I also argued, in The New York Times, that “free speech is alive and well on campus,” and that demands for “safe spaces,” “trigger warnings,” and speaker cancellations, while real and sometimes chilling, are far less prevalent and dangerous than FIRE insists. Such offenses often prompt not intimidation and silence but more speech, including criticism from liberals.
Now a thorough, mostly well-balanced report by the PEN (Poets, Essayists, and Novelists) American Center confirms that the conservative “free speech” crusade has gone too far. On October 20 at a Bard College conference, PEN executive director Suzanne Nossel will have an opportunity to question FIRE President Greg Lukianoff, the crusade’s most prominent national leader, about that overreaching.
There are several questions that I hope Nossel and another panelist, Angus Johnston, will ask Lukianoff. But first, some context. The Times’ Jennifer Schuessler reported last weekend that although “[t]he conventional wisdom surrounding American college life these days views campuses as hotbeds of intolerance for free speech,” the PEN report “questions that story line while warning of a different danger: a growing perception among young people that cries of ‘free speech’ are too often used as a cudgel against them.”
In other words, one thing threatening freedom of expression on campus is the “free speech” crusade itself. That’s not as Orwellian as it may sound.

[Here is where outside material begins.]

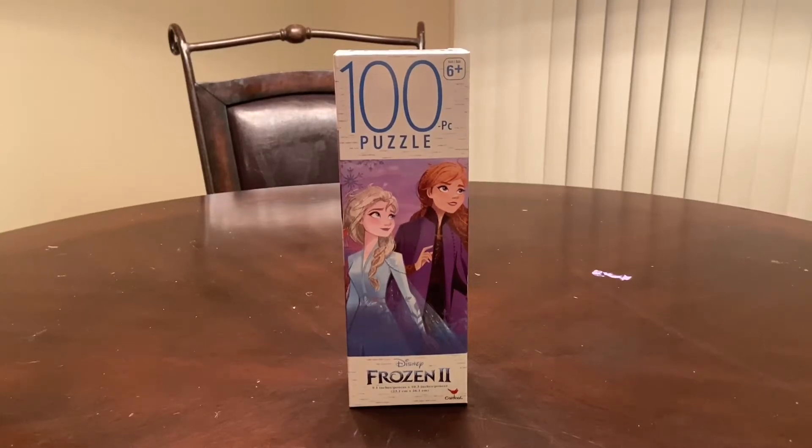Hey guys and welcome back to Ash's Toy World. Today we are going to be putting together a 100 piece puzzle because Frozen 2 is finally out in theaters.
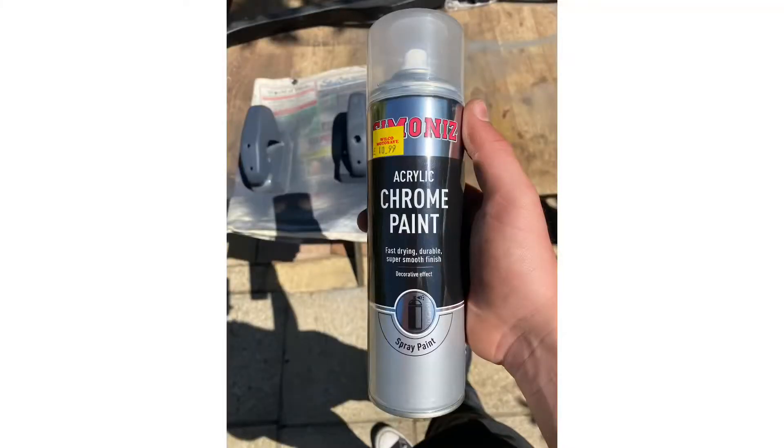This is the chrome paint we used for it. It did turn out quite well when we painted them, but as soon as the lacquer went on it just turned into like a grey. But at least we've got a nice clean surface to wrap on.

Not surprisingly, FIRE is trying to put the best face it can on the PEN report, which stops short of blaming the conservative group for wielding the cudgel, and even credits the organization with calling attention to threats against free speech. The report calls the organization “libertarian” but, confusingly, notes elsewhere in the text that “FIRE is often regarded as libertarian or conservative and is viewed suspiciously by some liberal or progressive students and faculty.”
“Suspiciously”? As I demonstrate in “What the Campus ‘Free Speech’ Crusade Won’t Say,” FIRE’s funding, board members, and closest associations are heavily right-wing.
Its major grants come from the ultraconservative Earhart, John Templeton, and Lynde and Harry Bradley Foundations; the Scaife family foundations; the Koch-linked Donors Trust, and funders that sustain a myriad of conservative campus-targeting organizations that include FIRE, the Intercollegiate Studies Institute, the David Horowitz Freedom Center (whose “Academic Bill of Rights” would mandate more hiring of conservative faculty and would monitor professors’ syllabi for “balance”), and Campus Watch (which tracks and condemns liberal professors’ comments on the Middle East).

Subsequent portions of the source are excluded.